As soon as the line containing "Memory page on the mobile app" appears, start repeating lines exactly and continue to the end of the entries; please skip pictures.

(EXTRACTED INFORMATION begins)

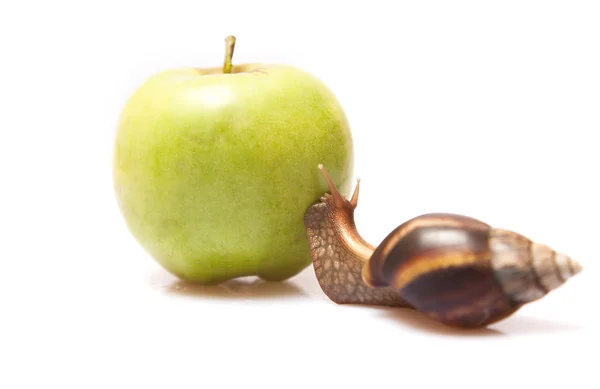 Большая улитка на яблоке — стоковое фото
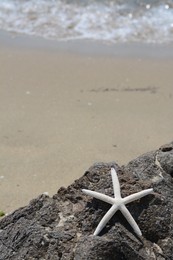 Beautiful starfish on black stone near sea, space for text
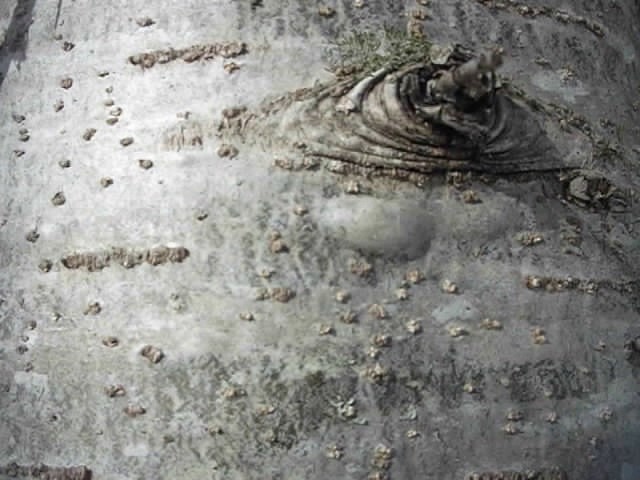 Живица, как собирать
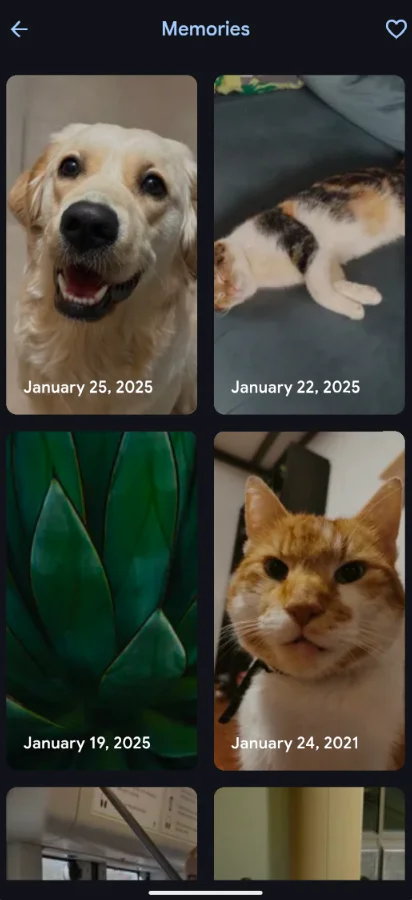 Memory page on the mobile app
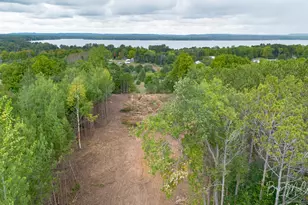 6642 Spruce Ridge Rd, Bear Lake, MI 49614 - Photo 1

(EXTRACTED INFORMATION ends)

- **FINISHED EXERCISE**:
 Memory page on the mobile app
 6642 Spruce Ridge Rd, Bear Lake, MI 49614 - Photo 1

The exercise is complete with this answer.